▶ SOURCE DATA
_ _ _ _

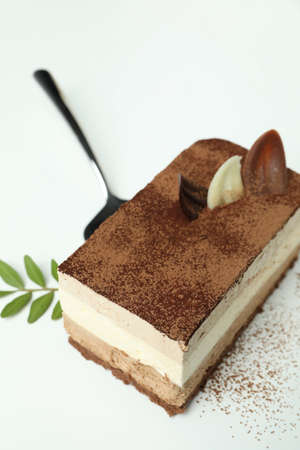Concept of tasty dessert with Tiramisu cake, close up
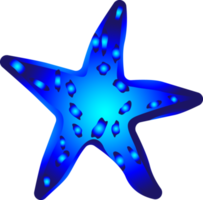 Starfish undersea ocean sea for decorative png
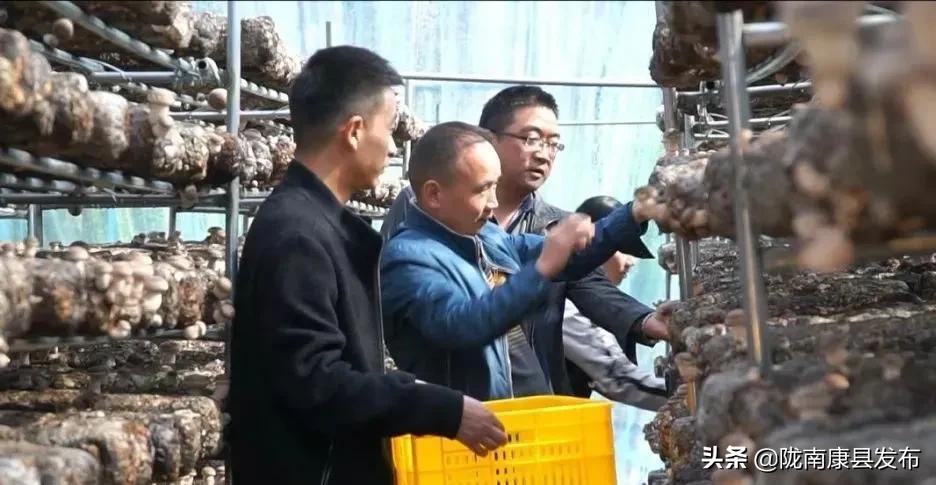 最新发行，翻开人生新篇章，激发自信与成就感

_ _ _ _

▶ PROBLEM TO WORK ON
Could you write out the whole listing exactly, skipping every picture?

▶ WRITTEN RESPONSE
Concept of tasty dessert with Tiramisu cake, close up
 Starfish undersea ocean sea for decorative png
 最新发行，翻开人生新篇章，激发自信与成就感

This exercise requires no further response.